That is nonsense (but a widely held belief), IME consultation is very real in this country, and it is quite easy to influence policy and legislation.


----------



## kaplan (17 Jan 2010)

*Re: Why do people expect to be let off Negative Equity? You made a promise, stick to*

The LRC report whilst lengthy is well worth reading. The logic and arguments for a non-court based personal insolvency regime are compelling. Yet mortgage debt is not fully dealt with. Rather the emphasis is on unsecured debt which amounts to about €30bn or so. Mortgage debt is €147bn (Nov 09). Of this about €25bn was lent to amateur property investors - buy to let lending. The negative equity book is about €80bn with varying degrees of negativity depending on the original LTV and year the loan was taken out. Numbers are reckoned to be about 250k borrowers. 

There are two issues with mortgage debt being confused here. The first is the problem with unnaffordable repayment which occurs whether or not a borower is exposed to the second issue which is negative equity. 

The evidence is that where you have negative equity and rising unemployment, loan defaults rates rise. They reduce as troubled mortgages correct when people regain employment - this not something that will happen here as jobs are hard to come by. 

It takes a drop income before negative equity becomes a problem - which is what has happened here. The cost of financing repayments as a % of net household income has dramatically risen. 

So it seems defaults will continue to rise and there will have to be solutions for those who cannot afford to make their mortgage payments in full. Wholesale repossessions or the voluntary jingle mail option are not feasible given a homeowner culture, economic and social costs. 

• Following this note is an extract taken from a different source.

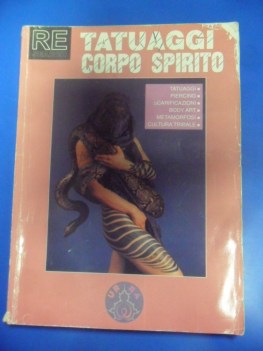 Tatuaggi corpo spirito Re-Search. Versione italiana di "Modern primitives". 1994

Maybe it's best for people (who want to) to will walk away from their homes, hand over the keys and rent until they can once again buy a house - that is if they are not pursued for the shortfall between their mortgage and house value when sold by the lender. 

Of course, if property prices take years to rise to 2007 levels, then negative equity is a long term problem.


----------



## giles (18 Jan 2010)

*Re: Why do people expect to be let off Negative Equity? You made a promise, stick to*

House prices in some areas got rediculously high during the boom. To think that they would keep getting higher and higher was frankly stupid. Common sense says what goes up must come down. This is a big reason why I didn't buy during the boom, I simply wasn't prepared to pay over the odds for a house. A lot of people were blinded by greed and now they have to pay for that greed. If you bought a "home" then negitive equity shouldn't matter. If you bought an investment property then YOUR negitive equity is YOUR problem. Nobody should expect other people to bail them out of their bad investments.


----------



## Complainer (18 Jan 2010)

*Re: Why do people expect to be let off Negative Equity? You made a promise, stick to*



Brendan said:


> Under the Bankruptcy Act, a person can file for  bankruptcy but the law is so expensive and difficult that, in practice, very few people do. I think only 8 did last year. An insolvency specialist told me that he would not recommend the process for anyone with less than €1m in assets.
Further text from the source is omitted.